TASK DATA>
- - - - - - -

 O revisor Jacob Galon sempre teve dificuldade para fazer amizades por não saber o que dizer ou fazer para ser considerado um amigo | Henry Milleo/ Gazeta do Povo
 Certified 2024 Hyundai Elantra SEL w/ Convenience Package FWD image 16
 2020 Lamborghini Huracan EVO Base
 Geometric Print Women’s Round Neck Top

- - - - - - -

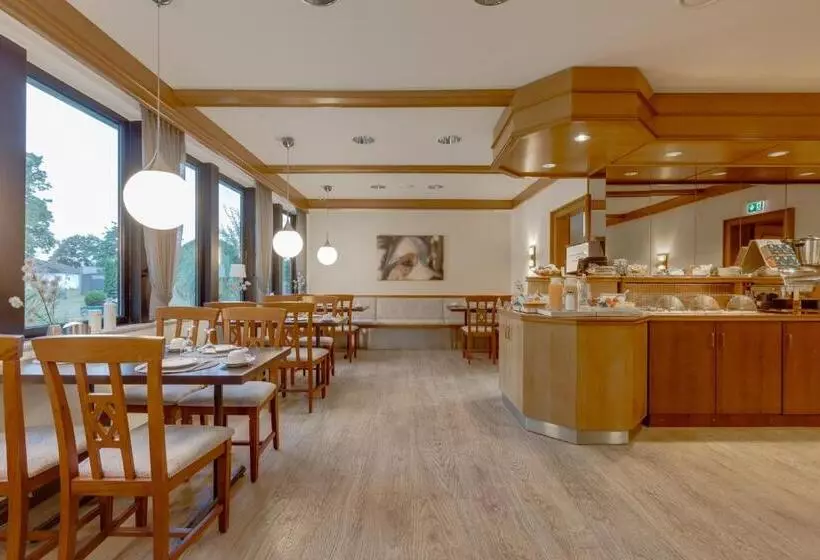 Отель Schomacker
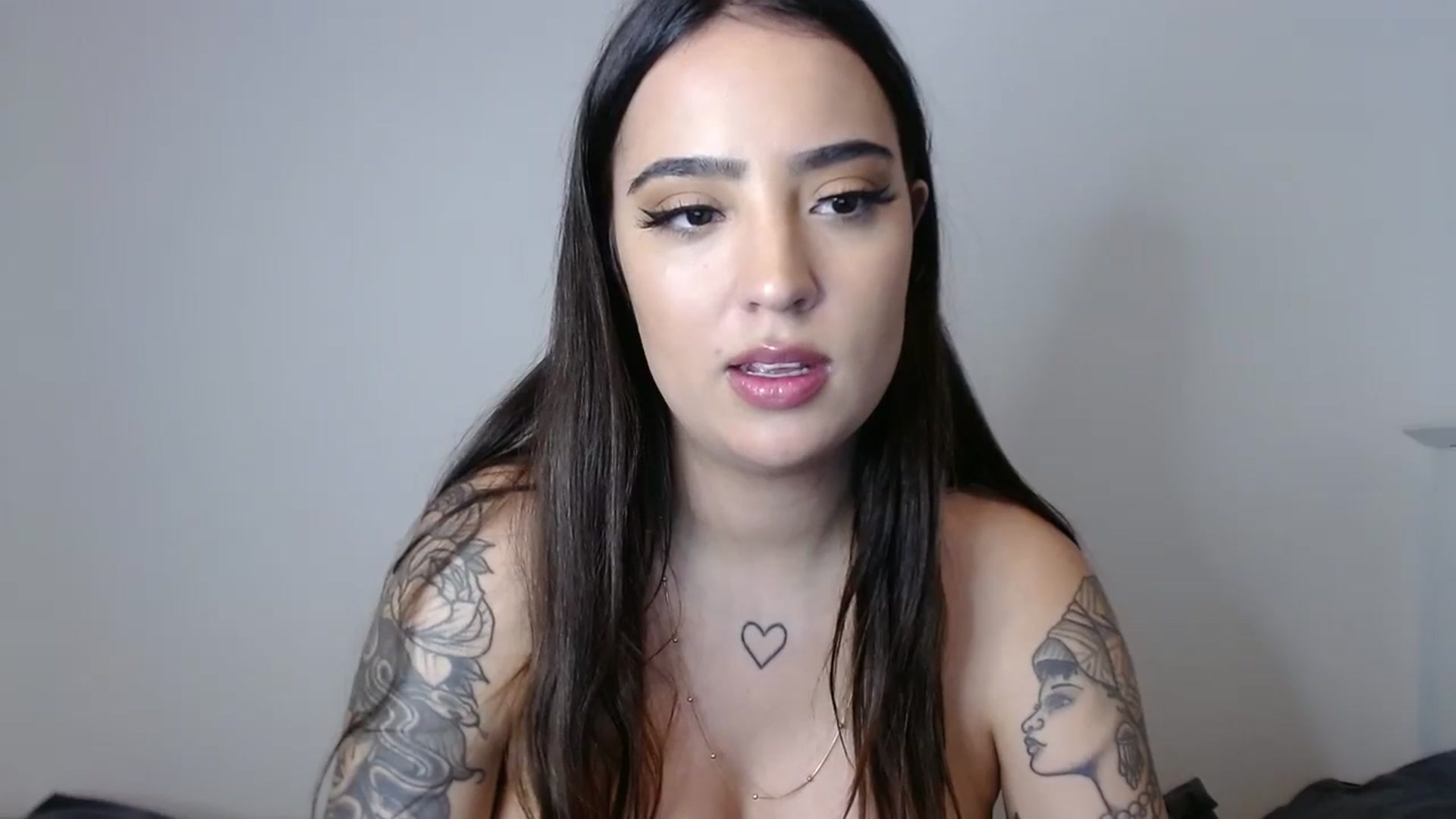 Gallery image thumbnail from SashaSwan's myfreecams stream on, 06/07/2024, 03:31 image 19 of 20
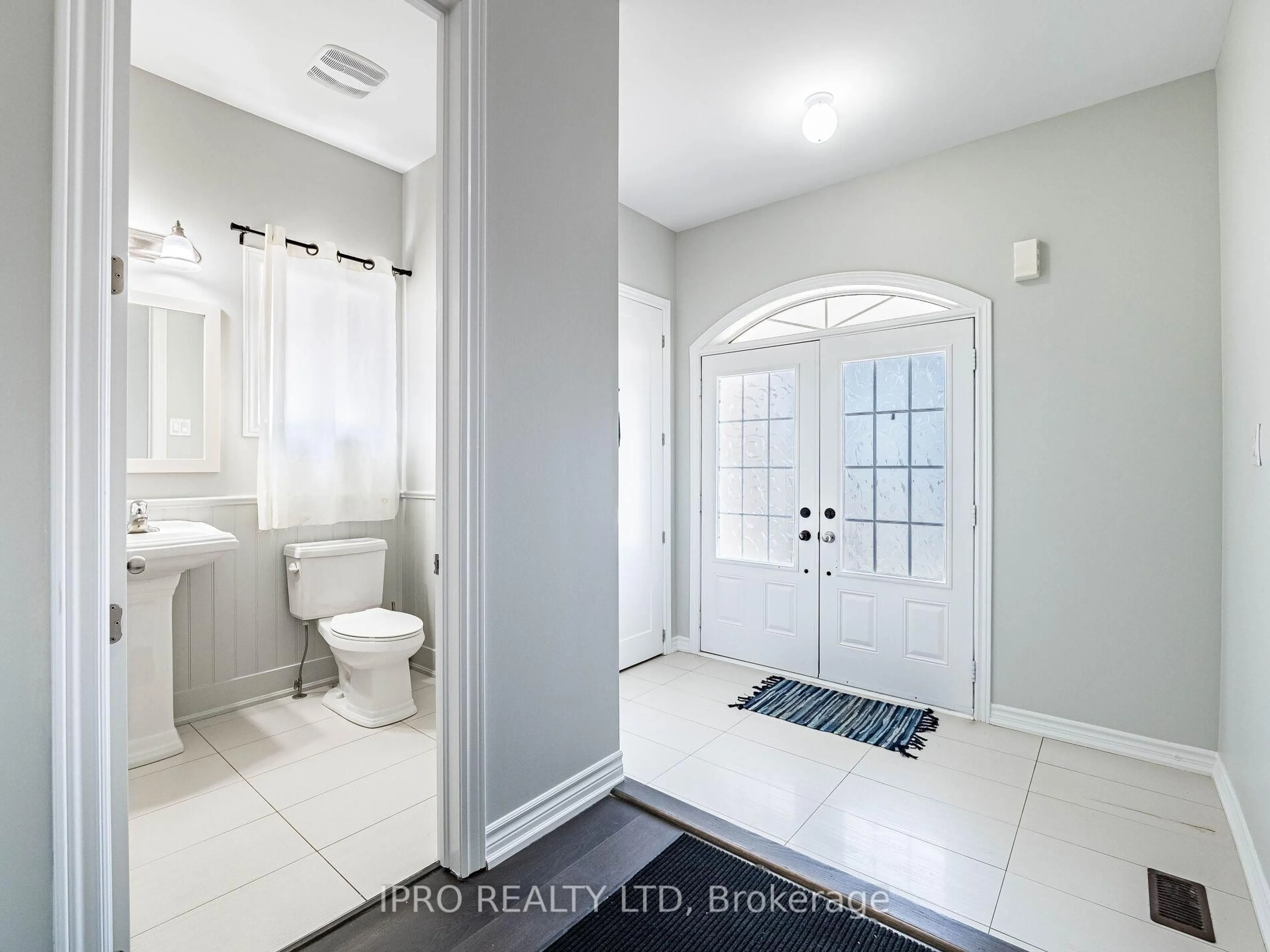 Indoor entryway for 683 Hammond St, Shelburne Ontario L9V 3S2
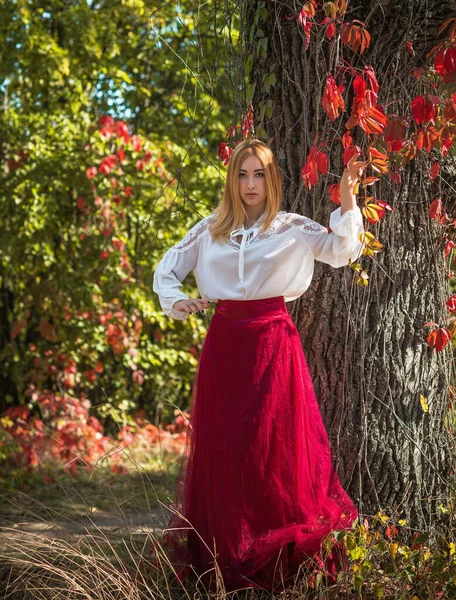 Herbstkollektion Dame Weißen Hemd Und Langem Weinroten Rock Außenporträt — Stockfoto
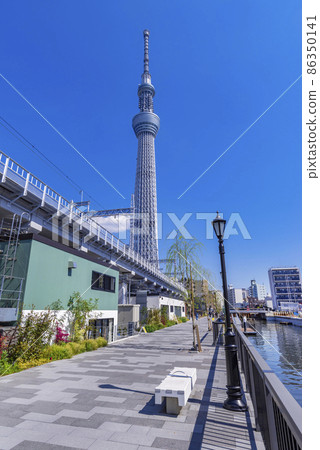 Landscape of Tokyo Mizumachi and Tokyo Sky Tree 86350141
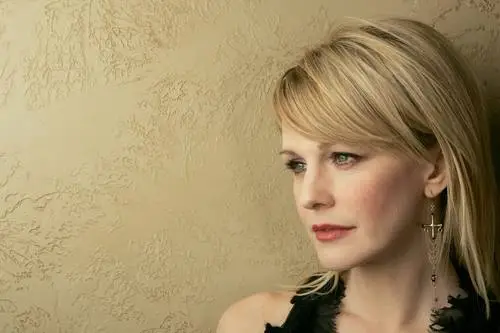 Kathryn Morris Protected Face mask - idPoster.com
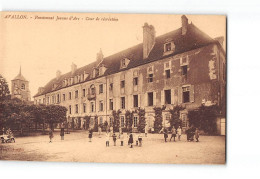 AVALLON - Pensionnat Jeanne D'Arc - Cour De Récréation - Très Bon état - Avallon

- - - - - - -

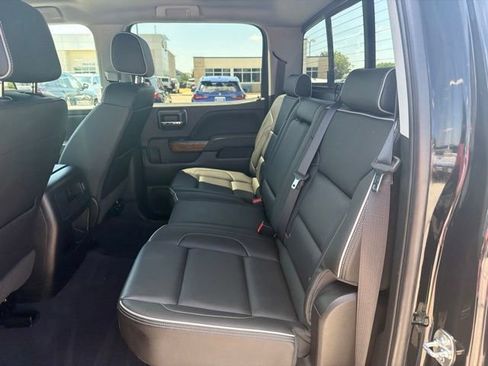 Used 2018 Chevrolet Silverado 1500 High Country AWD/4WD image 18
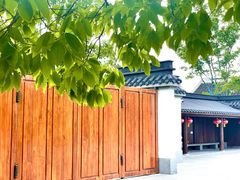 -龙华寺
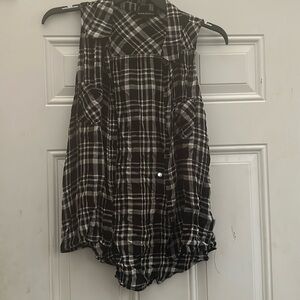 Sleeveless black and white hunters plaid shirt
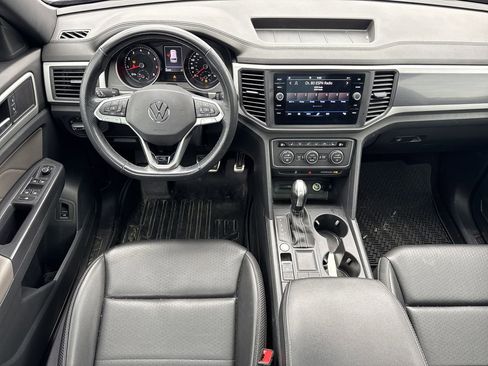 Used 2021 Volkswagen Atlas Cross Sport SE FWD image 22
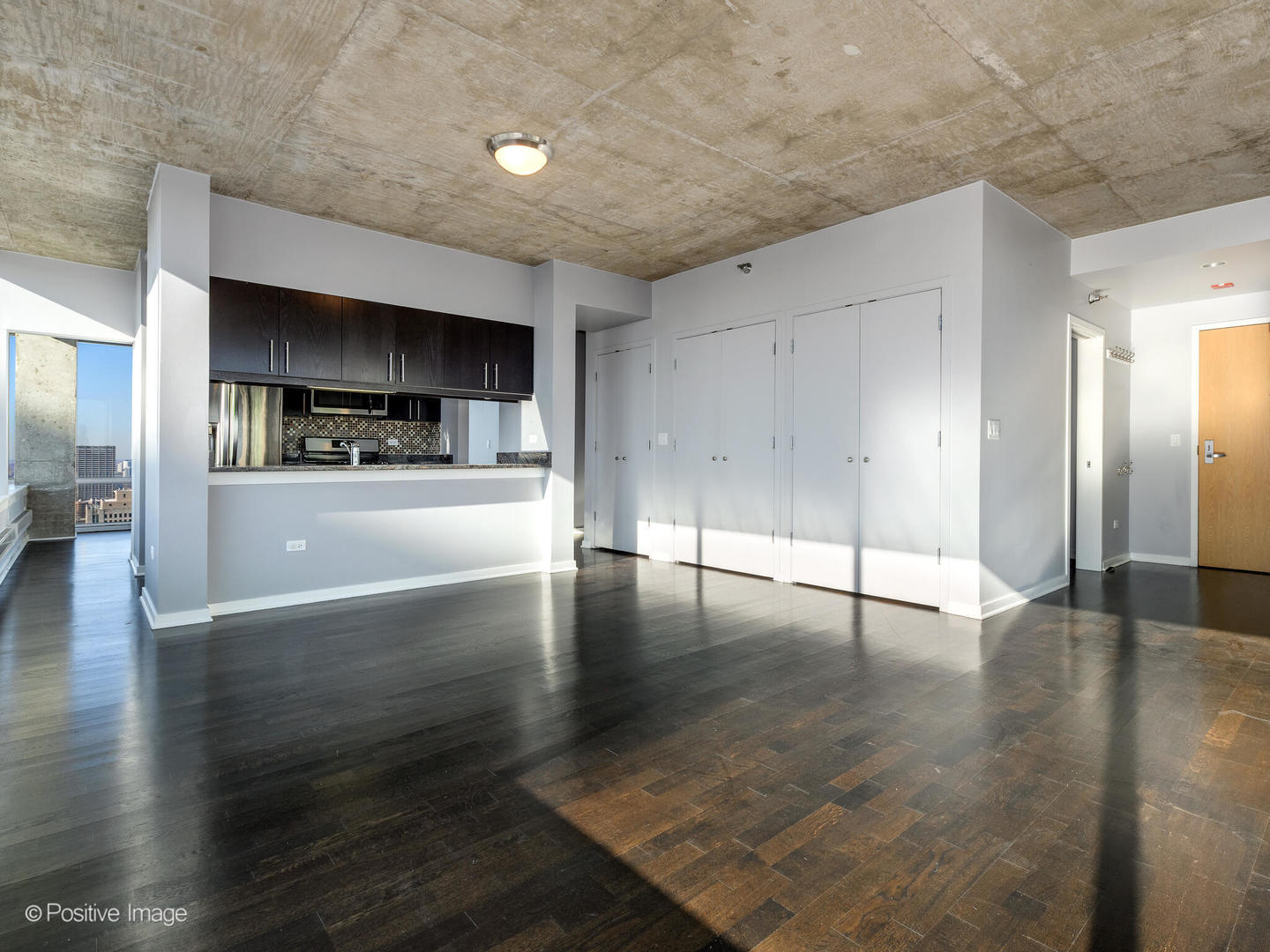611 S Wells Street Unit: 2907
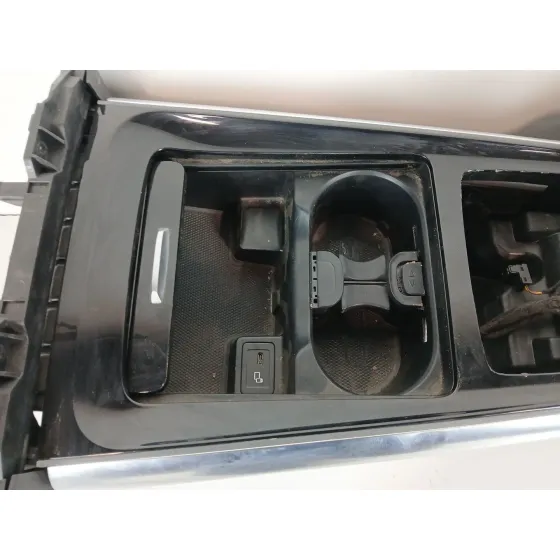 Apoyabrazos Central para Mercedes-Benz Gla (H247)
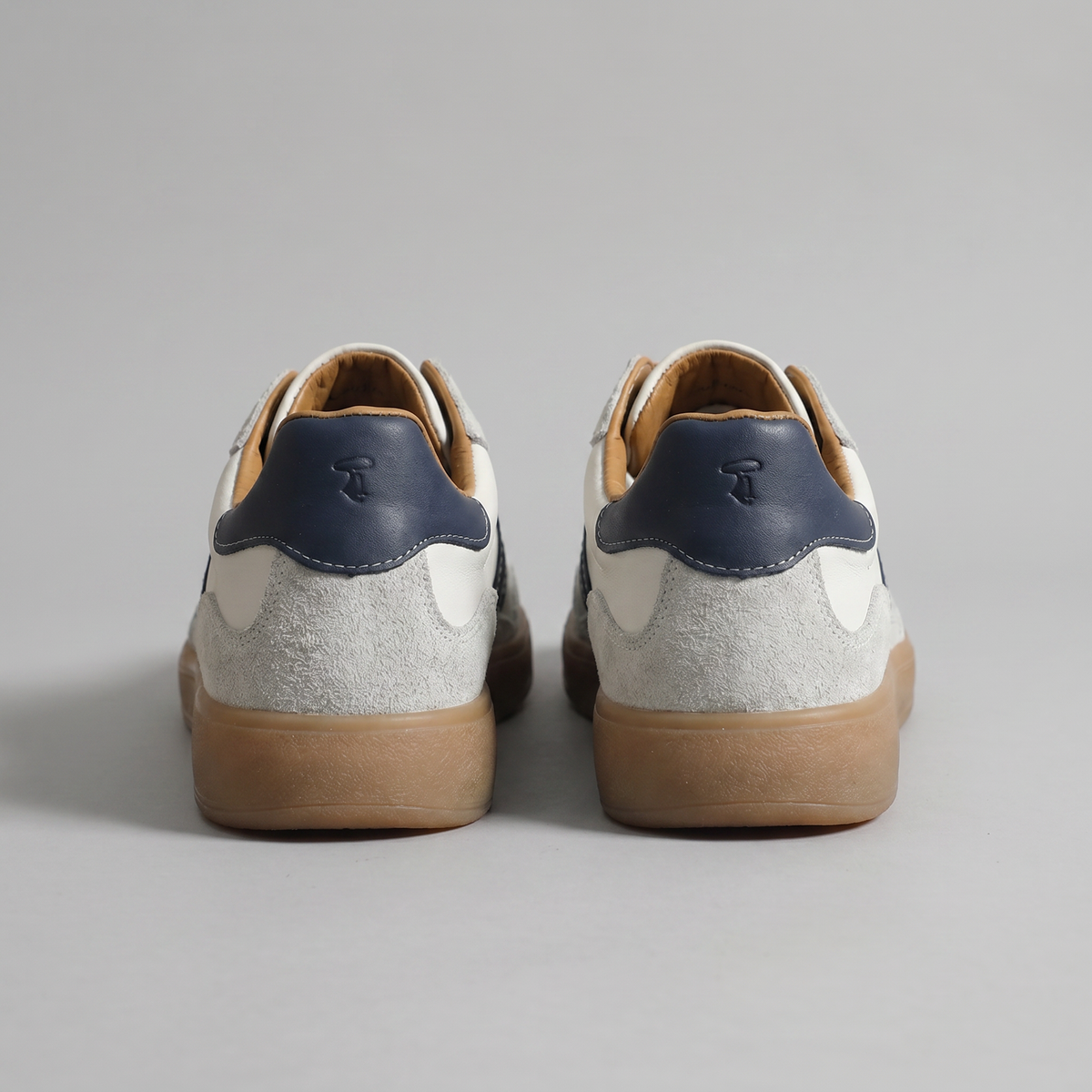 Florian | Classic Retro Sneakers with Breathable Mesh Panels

- - - - - - -

EXERCISE BRIEF>
Your reply is to be an exact repeat of the listing above from the line holding "Kathryn Morris Protected" down to the line holding "AVALLON - Pensionnat", ends included, pictures excluded.

ANSWER BOX>
 Kathryn Morris Protected Face mask - idPoster.com
 AVALLON - Pensionnat Jeanne D'Arc - Cour De Récréation - Très Bon état - Avallon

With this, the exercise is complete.